A combination of dalfampridine extended-release and physical therapy appears to help improve gait in patients with multiple sclerosis, although it is unclear whether PT enhances dalfampridine’s effects.
The study was presented recently during the 32nd Annual Meeting of the Consortium of Multiple Sclerosis Centers, held in Nashville, Tenn.
The study included 8 adults diagnosed with MS who had difficulties with balance or gait. Half were not given dalfampridine, and the other half had recently been prescribed dalfampridine. Both groups received evaluations at the same times: once before the dalfampridine group began taking the medication (week 0), and once more to evaluate the response (week 3), per a media release from Neurology Advisor.
At the 3-week mark, all 8 subjects began a PT regimen that occurred twice weekly for 6 weeks and included exercises for gait, balance, dual-task training, and improving functional strength. Those in the dalfampridine group continued taking dalfampridine while performing PT. The study researchers reassessed outcomes at weeks 9 and 12, with the primary outcome being a timed 25-foot walk at fast gait and secondary outcomes being balance self-efficacy, dual-task gait, and self-selected gait.
By week 3, those in the dalfampridine group showed an average of just 12.8% (range, 5.8% to 19.4%) improvement in timed 25-foot walk. However, weeks 3 to 9 showed a 20.7% improvement in timed 25-foot walk for the dalfampridine+PT group (95% CI, 3.8-37.6), as compared with 6.8% for the PT only group (95% CI, 3.4-10.3).
The dalfampridine+PT group showed a significantly greater improvement (P =.04). From weeks 0 to 9, the dalfampridine+PT group showed a mean increase of 30.5% (range, 20.5%-48.9%), thereby passing the responder threshold of 20%. This group also showed improvement in dual-task and self-selected gait of +0.11 m/s and +0.15 m/s, respectively, between weeks 3 and 9.

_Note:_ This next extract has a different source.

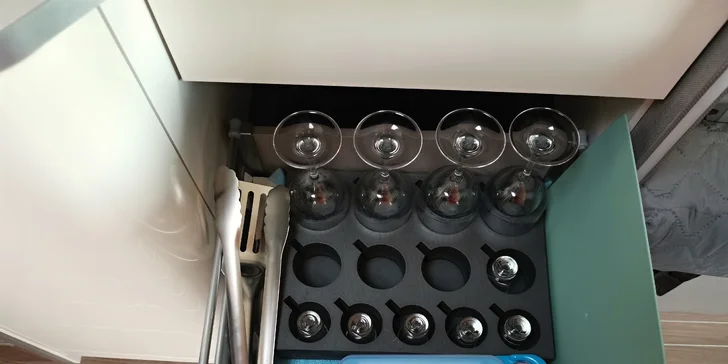 Pronájem plně vybaveného obytného vozu Etrusco T 7400 SBC na 2 až 7 dní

There were no significant improvements in the PT only group or between-group from weeks 3 to 9. The dalfampridine+PT group showed a significant increase in balance confidence (P =.003), the release continues.
“PT appears to enhance the effects of [dalfampridine extended-release] on gait in people with MS who do not reach the responder threshold for meaningful improvement on the drug alone,” The researchers conclude.
“An alternate interpretation is that [dalfampridine extended-release] may enhance the effects of PT and exercise, since the benefits of PT were greater in those taking [dalfampridine extended-release].”